Source data:
• • •

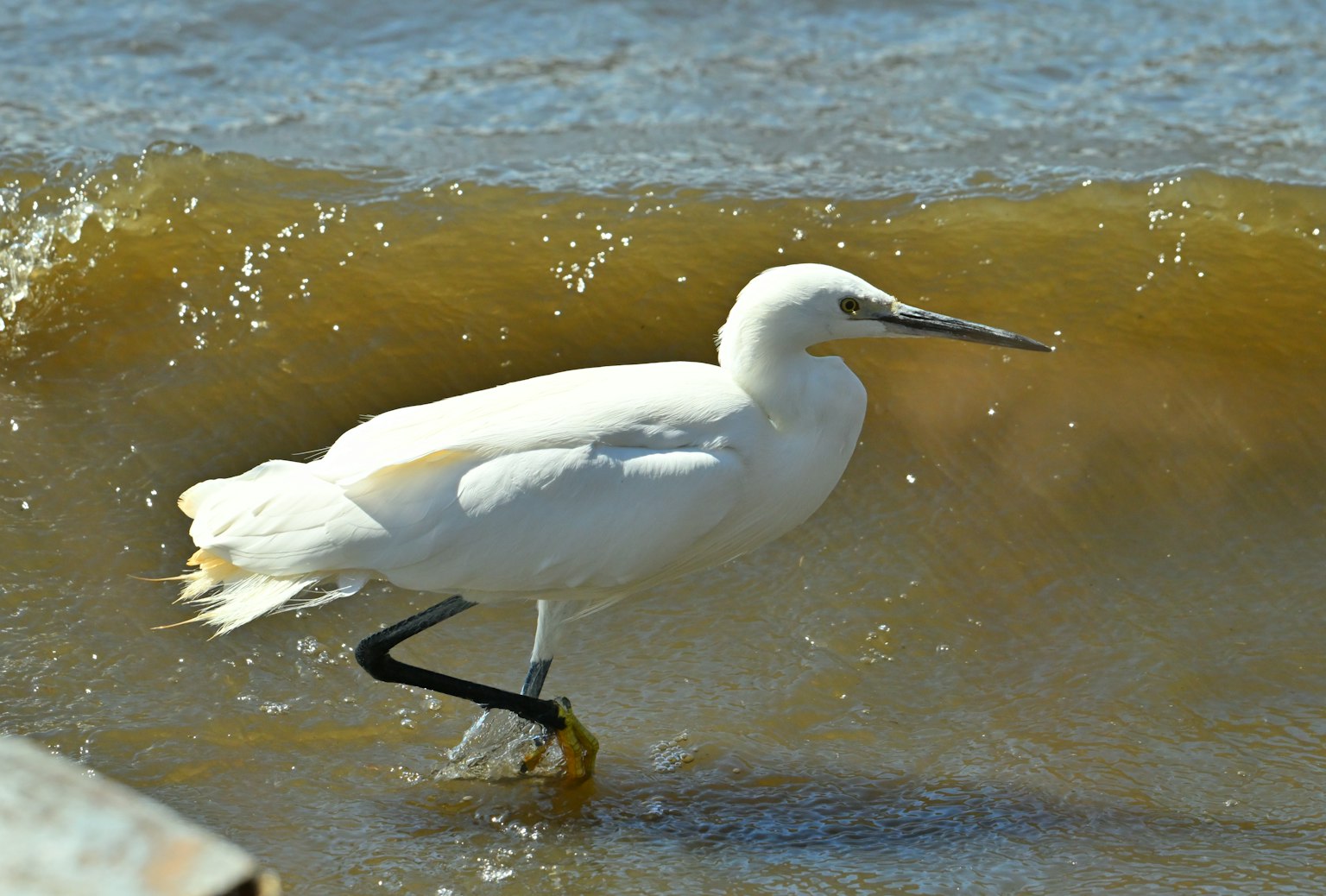 A white heron walking in the waves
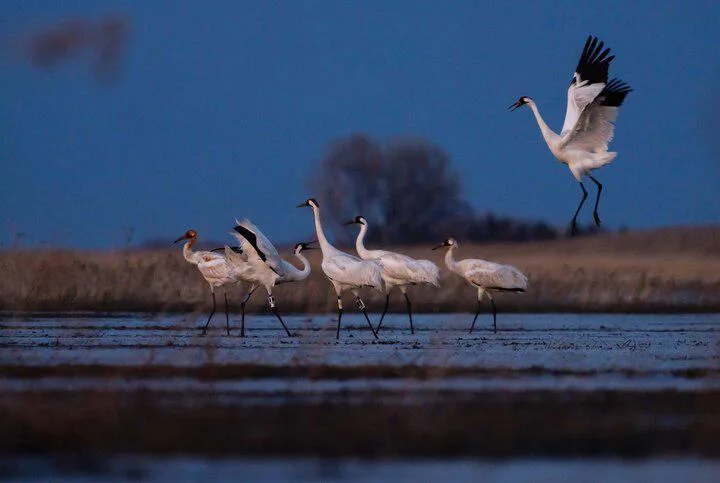 The harrowing 5,000-mile flight of North America's wild whooping cranes
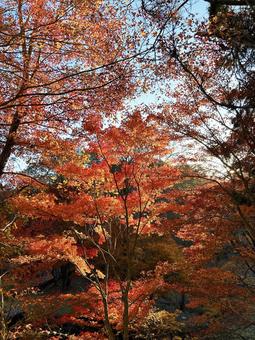真っ赤な紅葉 空,紅葉,真っ赤の写真素材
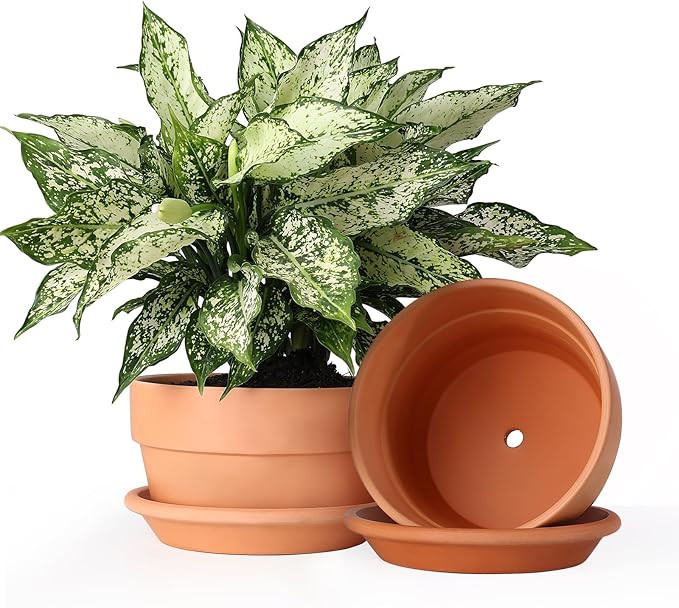 INGOFIN 8 Inch Terracotta Shallow Pots Set with Saucer - Ceramic Clay Pots with Drainage Hole, Te... | Amazon (US)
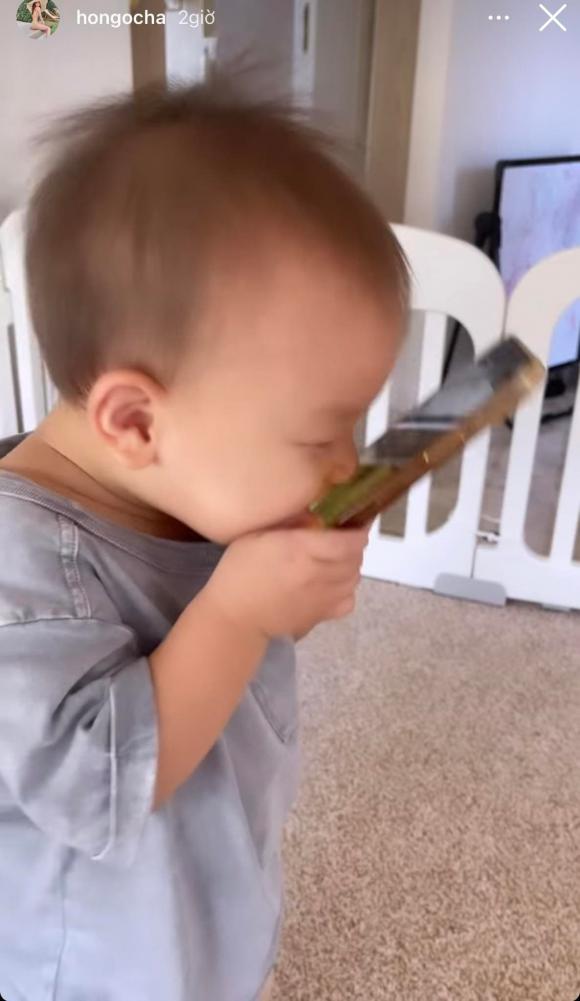 ca sĩ Hồ Ngọc Hà,nữ ca sĩ hồ ngọc hà, diễn viên Kim Lý, sao Việt, cặp sinh đôi của Hà Hồ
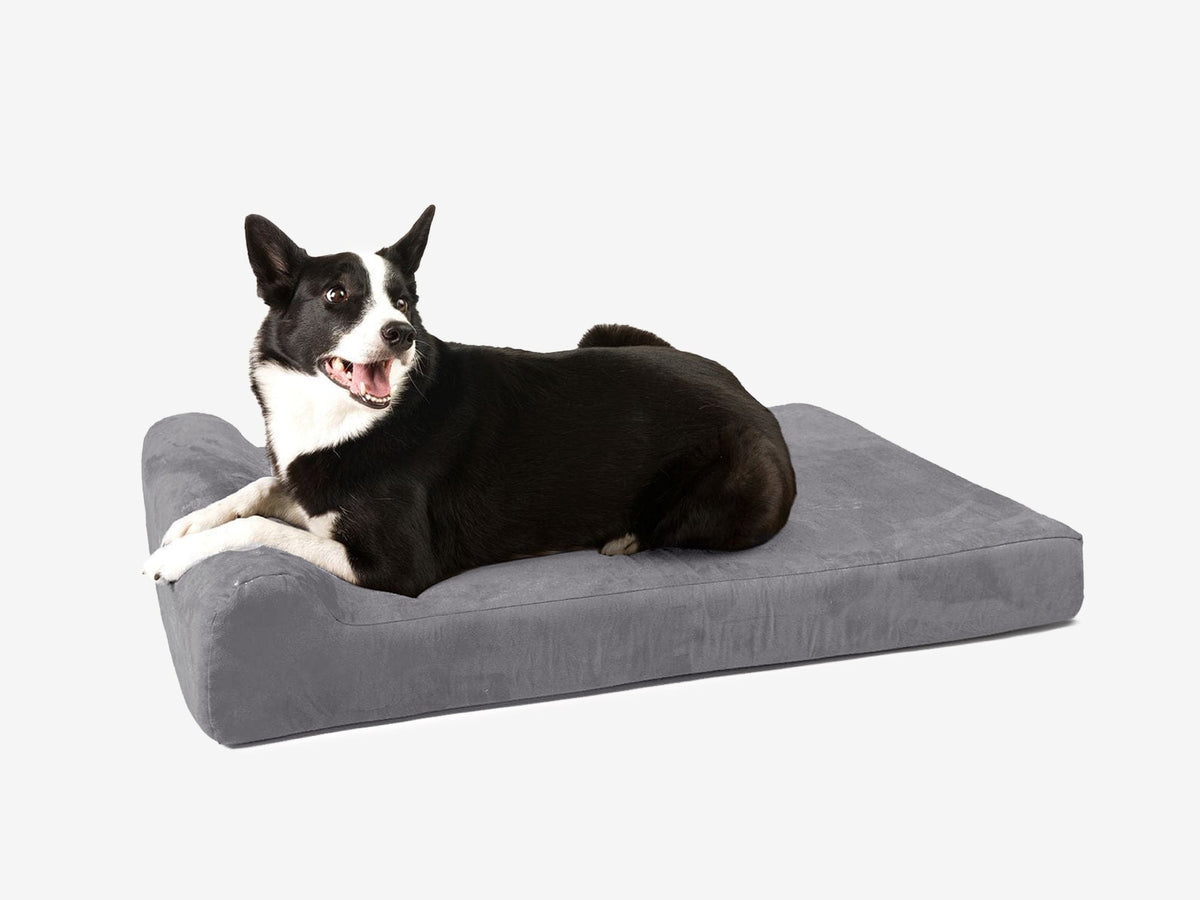 Junior Orthopedic Dog Bed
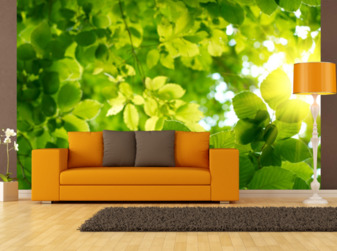 Фотообои Времена года 71017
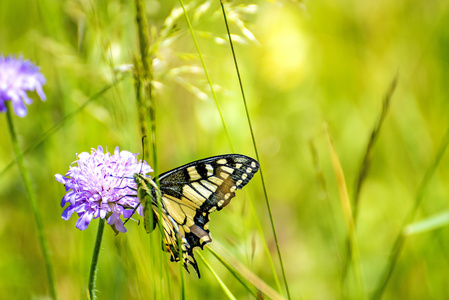 燕尾蝴蝶，凤蝶 machaon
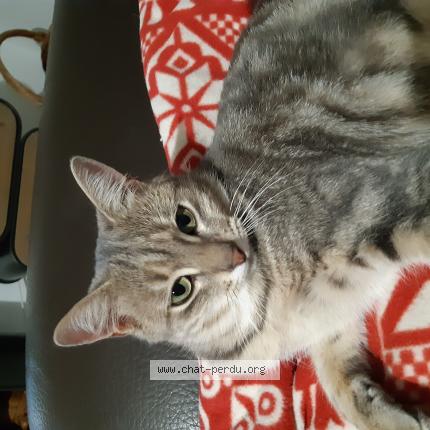 Foto 1/1 UNIK Chat perdido en Mejannes les ales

• • •

Task to carry out:
Leaving every picture out, return the lines from the one containing "燕尾蝴蝶，凤蝶 machaon" through the last line of the records exactly.

Solution for this problem:
 燕尾蝴蝶，凤蝶 machaon
 Foto 1/1 UNIK Chat perdido en Mejannes les ales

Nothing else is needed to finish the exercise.